Trying to capture what academic writing is within one sentence is almost impossible except to say that it is a continual evolution of the writing you have been doing in school thus far and will continue to do in the future.  As a result, although there are notable differences in professional, public, and popular writing outside universities, those who write in these discourse communities too have been influenced by the writing done for and in school settings.  In the first assignment of this learning module, I’m going to ask you to think about what academic writing does better, different, or worse than other types of writing.

The larger concept of the week is that of discourse communities.  As you will read, discourse communities are communities that have a common set of communication expectations and protocols for participating in that community.  I made that sound fancy, but really, you are members of all sorts of formal and informal discourse communities already, whether it is your group of friends (lacrosse fans, video gamers), your family, your college major or your workplace.  Learning the “codes” of participation in those discourse communities is part of a college education, even as a college education is a series of overlapping discourse communities.  For example, in figure 1, a veterinarian would have specialist discourse as part of his or her profession, but would also know the discourses of biology majors, science majors, and college graduates.


Figure 1. The discourse communities that a veterinarian would belong to

Of course, it is not that straightforward.  We don’t take the same courses or have the same professors or even do the same assignments, so there will be holes and absences in those circles, and you will note on the Discourse Communities & Academic Writing PowerPoint that there are discourses connected to particular activity systems that not even everyone in a specific profession will be a part of.
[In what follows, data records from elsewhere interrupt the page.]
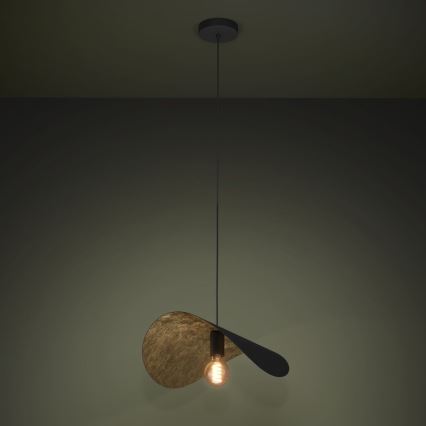 Eglo - Candeeiro suspenso 1xE27/40W/230V 53 cm preto/dourado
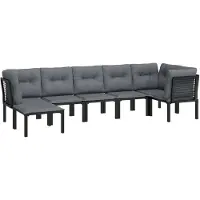 vidaXL 7-delige Loungeset poly rattan zwart en grijs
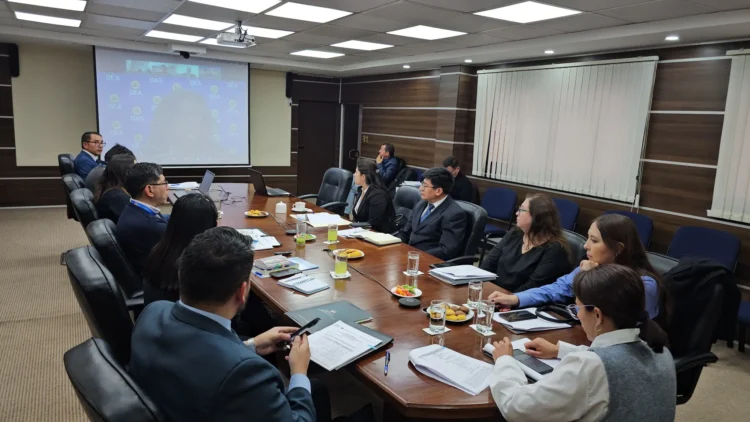 La reunión entre representantes de la OEA y autoridades bolivianas. Foto: Ministerio de Justicia.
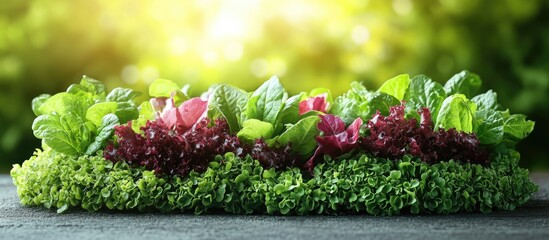 Poster - Fresh assorted salad greens arranged on a wooden surface with blurred nature background and soft sunlight Copy Space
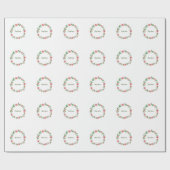 Papier Cadeau couleur d'eau florale rouge couronne ajouter texte (Plat)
The James Paul Gee excerpt is from a larger book and should help you think more about this concept of discourses, and it should supplement the admittedly more complex ideas presented in this week’s PowerPoint.  The Little, Jordans, and Sayers’ study appeared in the journal Health, and it shows how patients, politicians, and doctors participate in the activity and discourse community of medicine. This study is interesting for its own sake, but I want you to note two new ideas presented in this article: colonization and the evolution of a discourse community.  When we enter a new discourse community, we attempt to bring our old discourses with us, and try to make those things fit even as the new discourse community is passively shaping us.  The concept is important to recognize as it is what you most likely have experienced thus far and will continue to experience.  They also briefly touch on the concept of the evolution of discourse communities, developed by the seminalists, inhabited by the epigones, then ideologues, then the authoritarians.  The literary analysis essay or lab report might be in the authoritarian stage, but where is Twitter or even the blog?

As a reminder for the week, all revisions and work for the course is due by July 11.

Learning Objectives

  • Adapt to different audiences using word choice, evidence, and media
  • Practice applying rhetorical concepts to new rhetorical situations.
  • Reflect on how writing matters to you individually and to society.
  • Differentiate audiences by analyzing how their values shape what evidence they might best respond to.